Accurate classification of high-resolution chest x-ray (CXR) images is critical for diagnosing lung conditions such as pneumonia and identifying small lesion targets, which demands precise feature extraction from multi-scale anatomical structures. Traditional deep learning models face challenges in balancing local detail retention and global context modeling, particularly with limited labeled data and high computational costs for high-resolution inputs.
This study introduces a multi-scale nested graph transformer (MNGT) to address these challenges, aiming to enhance classification accuracy for high-resolution CXR images while improving computational efficiency and generalization in data-constrained scenarios.

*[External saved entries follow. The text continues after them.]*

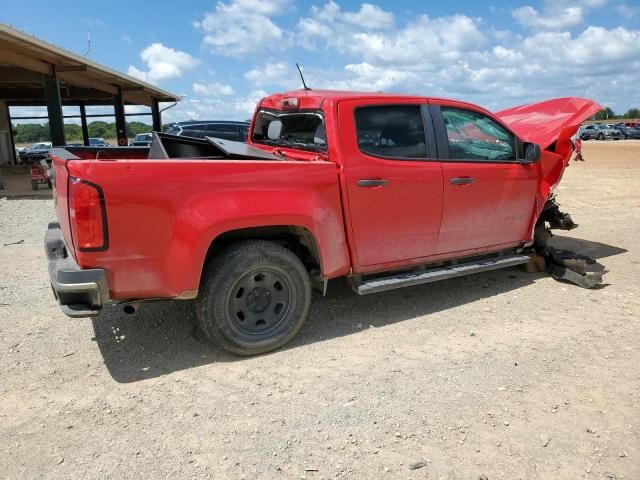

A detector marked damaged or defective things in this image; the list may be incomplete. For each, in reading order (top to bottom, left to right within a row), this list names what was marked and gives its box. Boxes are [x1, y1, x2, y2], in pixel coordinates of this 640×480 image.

broken windshield [251, 110, 328, 152]
crumpled hood [498, 96, 604, 149]
severe front damage [500, 95, 604, 286]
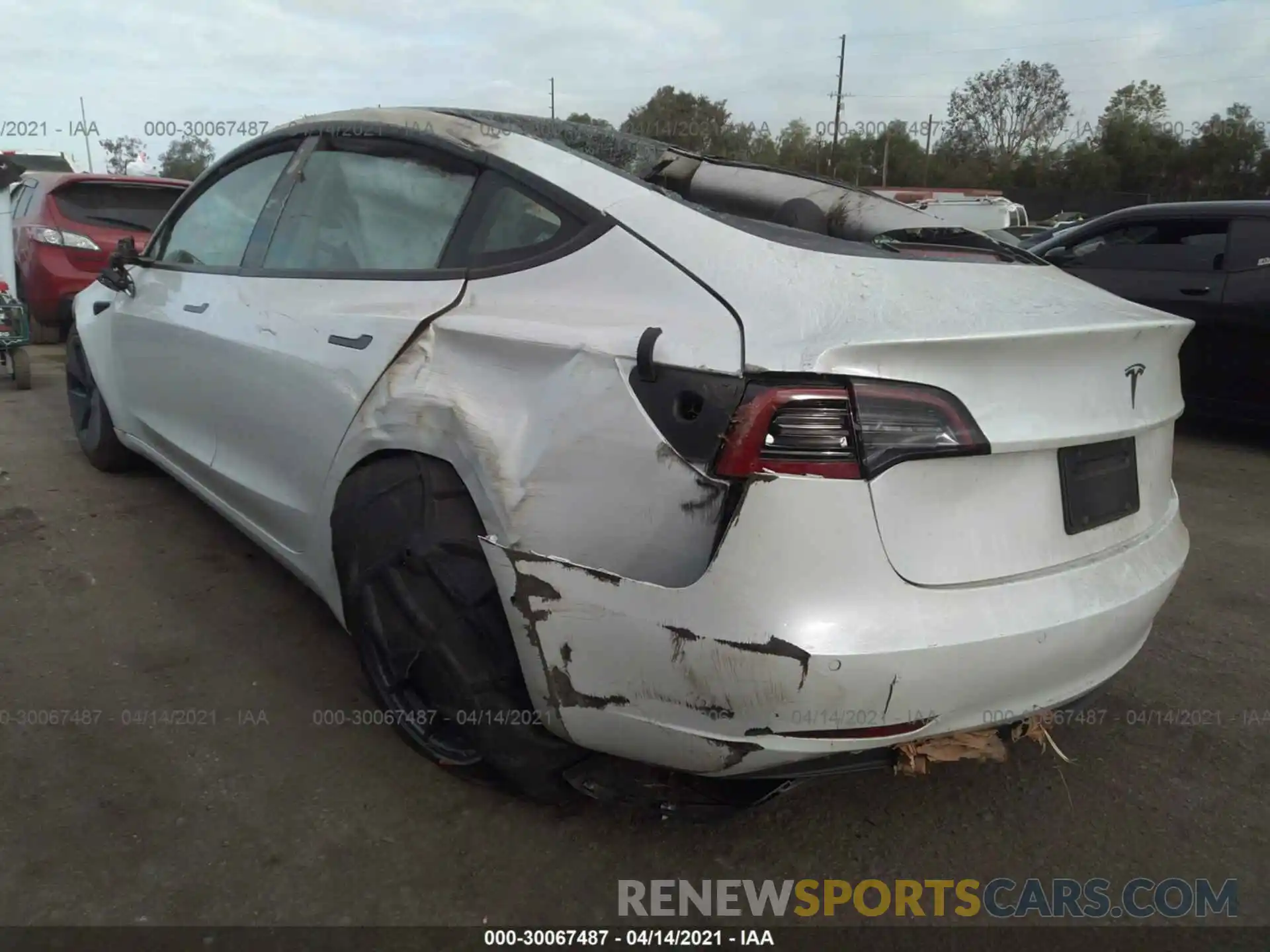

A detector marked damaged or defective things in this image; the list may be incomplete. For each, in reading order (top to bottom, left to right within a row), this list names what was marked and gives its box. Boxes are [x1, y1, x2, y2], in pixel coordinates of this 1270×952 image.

damaged white tesla [69, 110, 1191, 809]
broken tail light [714, 378, 995, 479]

(1) Multi-scale nested architecture: High-resolution CXR images are segmented into hierarchical squares: first divided into large blocks, then further subdivided into smaller patches. A graph Transformer with variable attention scope processes these patches to capture local-to-global features, preserving fine details of small lesions (e.g., nodule contours) while modeling long-range dependencies (e.g., lung texture patterns); (2) Cross-Attention Fusion: Features from high-resolution and downscaled low-resolution images are fused using a cross-attention-based graph Transformer, enabling semantic interaction between scales and enhancing lesion discriminability; (3) Graph Pooling for Efficiency: Graph pooling aggregates patches into semantic regions, reducing token count and computational complexity (e.g., from 2401 to 196 tokens) while maintaining structural integrity; (4) Inductive Bias Integration: By incorporating graph convolution and adaptive receptive field adjustments, the model mitigates overfitting in small datasets, leveraging spatial prior knowledge to improve generalization.
Through extensive experiments on three types of high-resolution CXR images, we demonstrate the superiority of our architecture, surpassing other models in terms of both accuracy and F1-score. Furthermore, our ablation study highlights the efficiency of our designed architecture. The code including comparative models are publicly available on the Website: GitHub/MNGT.
MNGT provides an efficient and robust solution for high-resolution CXR classification, combining local detail preservation, global context modeling, and inductive bias to excel in accuracy and generalization. The framework addresses the computational bottleneck of high-resolution medical imaging and offers a viable pathway for clinical deployment in computer-aided diagnosis.